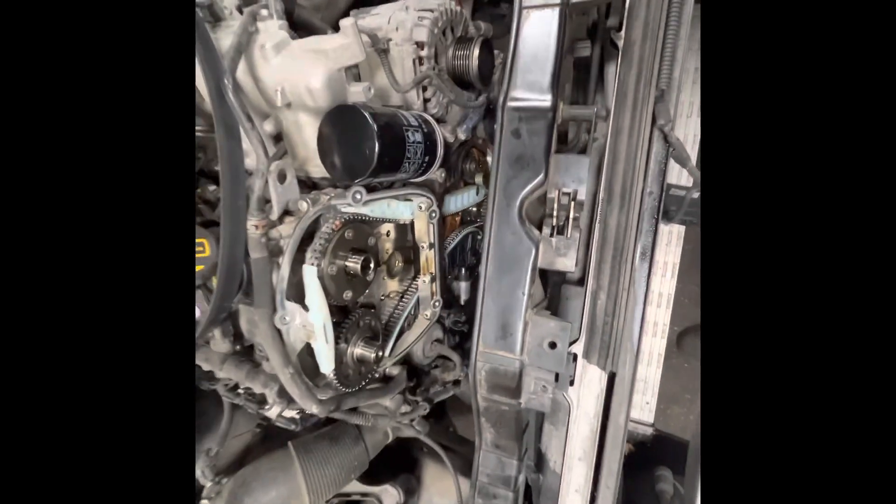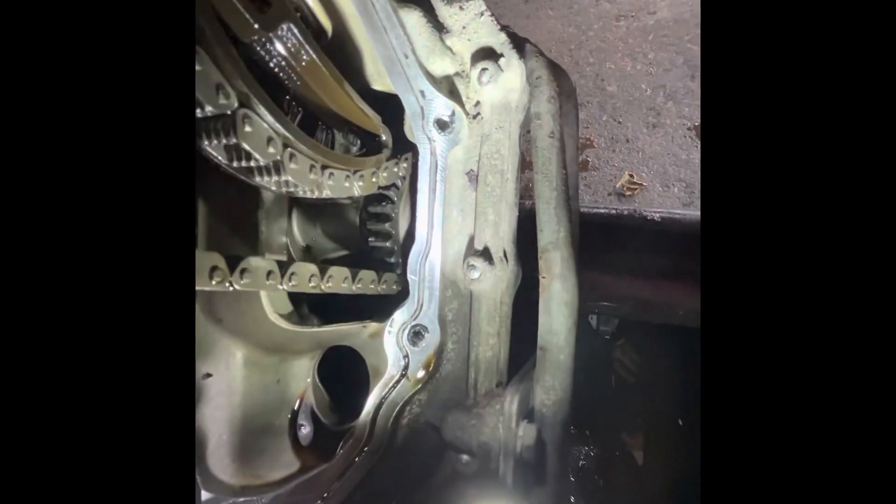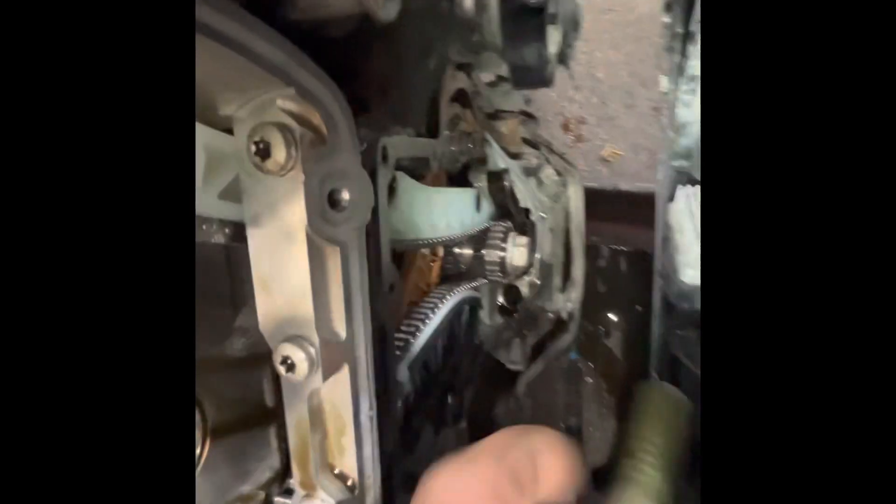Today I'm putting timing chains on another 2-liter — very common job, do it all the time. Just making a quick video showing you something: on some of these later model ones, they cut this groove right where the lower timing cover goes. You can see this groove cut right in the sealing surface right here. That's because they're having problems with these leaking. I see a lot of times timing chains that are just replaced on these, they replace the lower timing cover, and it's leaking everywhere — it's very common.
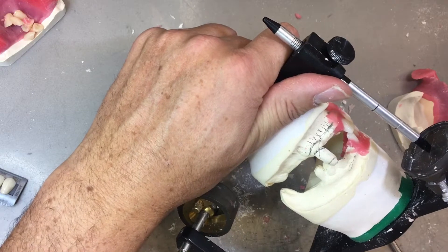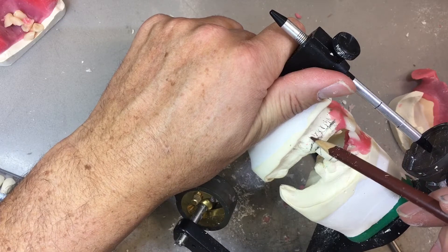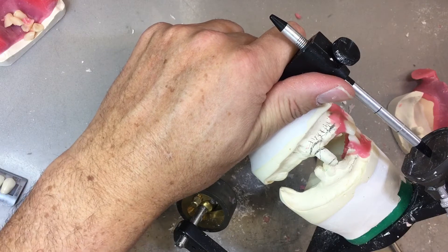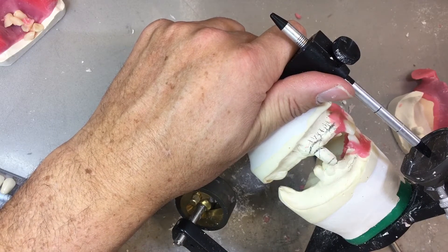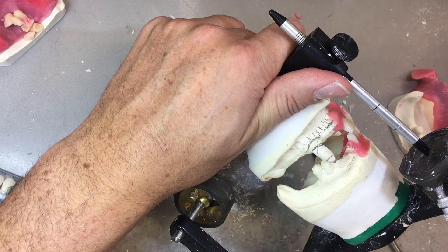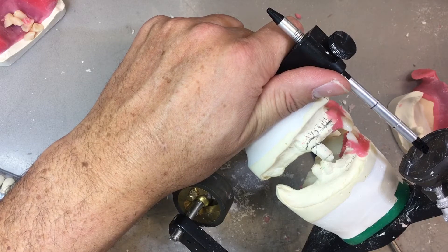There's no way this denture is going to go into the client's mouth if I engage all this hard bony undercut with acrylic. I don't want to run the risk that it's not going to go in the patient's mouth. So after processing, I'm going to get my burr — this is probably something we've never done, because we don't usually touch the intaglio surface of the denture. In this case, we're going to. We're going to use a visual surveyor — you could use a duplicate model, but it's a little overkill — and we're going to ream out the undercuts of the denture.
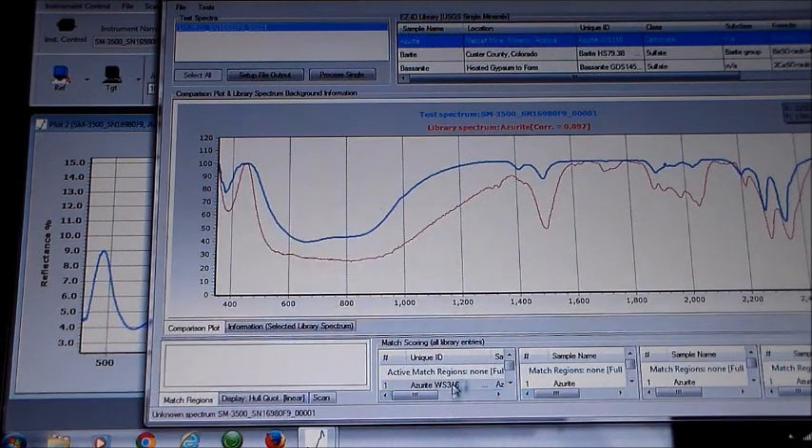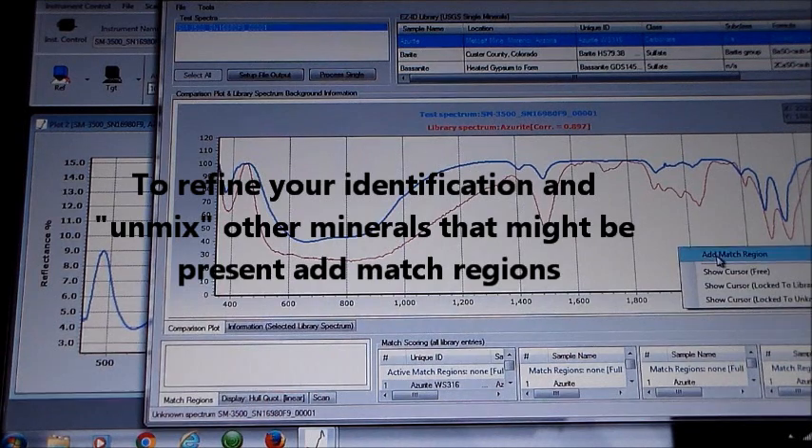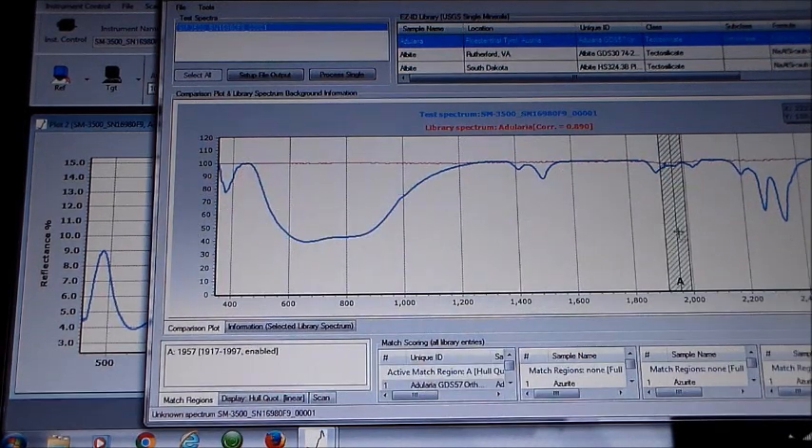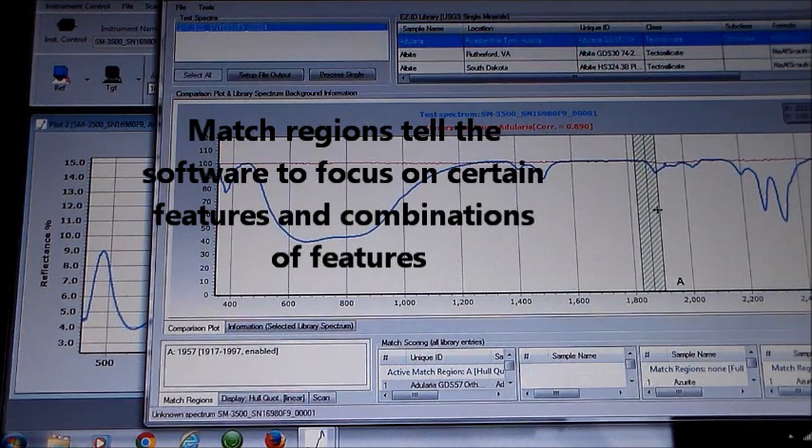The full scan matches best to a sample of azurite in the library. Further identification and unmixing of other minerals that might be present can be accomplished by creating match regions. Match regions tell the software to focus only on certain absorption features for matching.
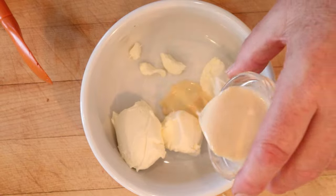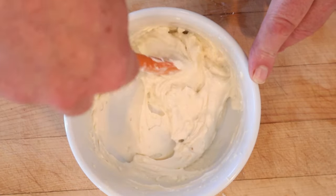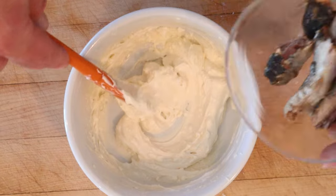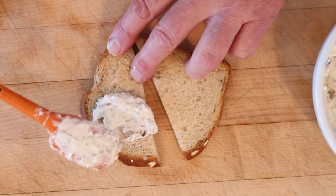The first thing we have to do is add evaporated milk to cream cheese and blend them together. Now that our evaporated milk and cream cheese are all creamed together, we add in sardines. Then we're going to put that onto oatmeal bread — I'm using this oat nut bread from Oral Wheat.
◆ ◆ ◆ ◆
Please restate word for word each line from the one containing "The full scan" to the end of the data above, without the pictures.

Answer for this exercise:
The full scan matches best to a sample of azurite in the library. Further identification and unmixing of other minerals that might be present can be accomplished by creating match regions. Match regions tell the software to focus only on certain absorption features for matching.
The first thing we have to do is add evaporated milk to cream cheese and blend them together. Now that our evaporated milk and cream cheese are all creamed together, we add in sardines. Then we're going to put that onto oatmeal bread — I'm using this oat nut bread from Oral Wheat.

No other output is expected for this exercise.